And what is Stevenage versus Exeter if not rapturous, eh?
Incidentally, here is something which has long perplexed me: why the “close” season?
It can’t be “close” as in “close the door” because it’s actually pronounced as in “close to the door”.
But, if it’s that, then what is the close season meant to be close to, exactly?
The season just ended or the season to come? And, if it’s not that, then why isn’t it called the “closed season”, which would seem to make much more sense?
I can see what you’re thinking right now: Liam really should get out more.
But if, like me, you grew up in an age when the close season seemed an awful long way from anything, this was the kind of thought which could mess with your fragile eggshell mind during those endless summer months when, effectively, it seemed that football ceased to exist.
Of course, every two years there was the glorious windfall of a World Cup or European Championship to get you through the doldrums but, for the rest of the time, things got so bad that the football pools had to resort to the methadone substitute of soccer matches in Australia to help keep the addicts on something like an even keel.
Try telling that to the young people nowadays, of course, and they won’t believe you.
These days, the close season seems to constrict with every year, and saturation satellite TV ensures that if a ball is being kicked anywhere on the planet you’ll be able to see it live, and bet the children’s inheritance on it too.
So you’ve no excuse then for missing tomorrow’s big one, Argentina v Albania, a much anticipated fixture which has happily escaped the volcanic ash cloud in Chile which has scuppered a few other choice South American friendlies this weekend. (Chile v Estonia?

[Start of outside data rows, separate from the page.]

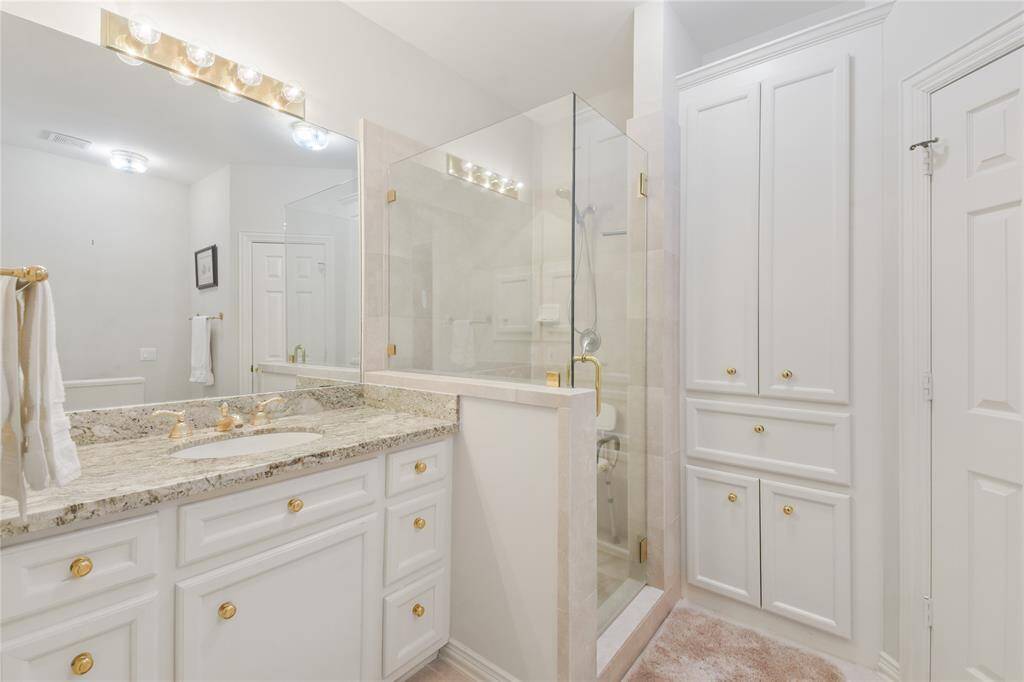 Welcome to his bathroom, a spacious and well-appointed retreat featuring a glass-enclosed shower, elegant granite countertops, and ample storage within white cabinetry. Bright lighting and modern fixtures enhance the clean, sophisticated aesthetic, creating a stylish and functional space. HUGE CLOSET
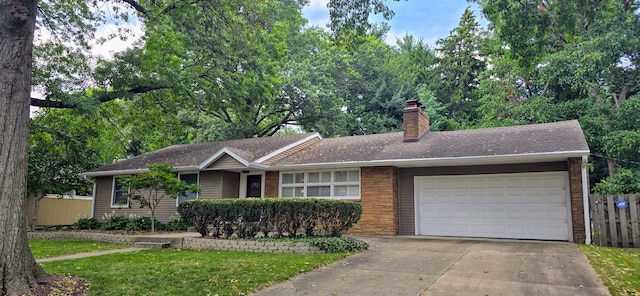 single story home featuring a front lawn and a garage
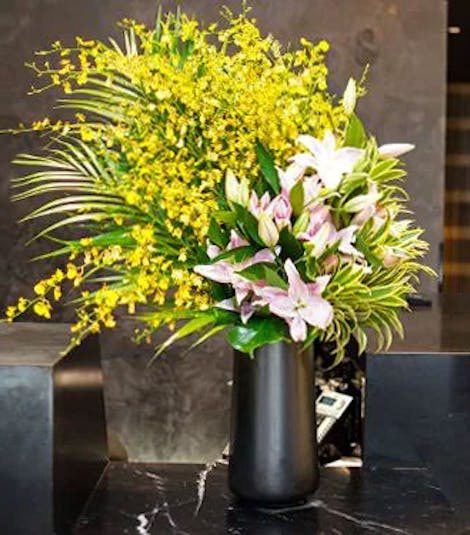 A lush mix of pink, green and gold flowers at the reception desk of a large corporation
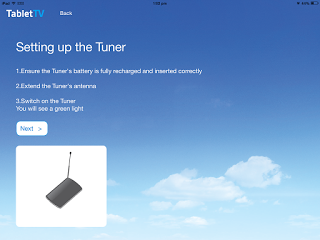 A TabletTV screen displays setup instructions for a tuner, guiding users to recharge the battery, extend the aerial, and switch it on. The review image shows the tuner with its aerial against a sky filled with clouds.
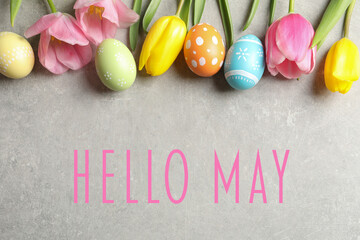 Wall Mural - Hello May. Flat lay composition of painted Easter eggs and spring flowers on grey background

All bow).
Not to worry, though, there’s still the U21 European Championship to be going on with, as well as plenty of action in the Airtricity League and then, before you know it, the European club qualifiers will be under way, and Celtic, Inter and Manchester City will be over here for the Dublin Super Cup with the big kick-off already hoving into view again.
So we might just somehow muddle through the dog days, after all.
Meantime, off the pitch, the football soaps just run and run, with the Alex McLeish plotline currently the pick of the bunch. Of course, as old Bobby says, money doesn’t talk, it swears but — that presumably weighty consideration notwithstanding — the fact that a man is prepared to risk his reputation and possibly even his health by crossing the dividing line in England’s second city tells you all you need to know about the relative standings of the club which bears that city’s name and the one which sounds like a des res in Dalkey.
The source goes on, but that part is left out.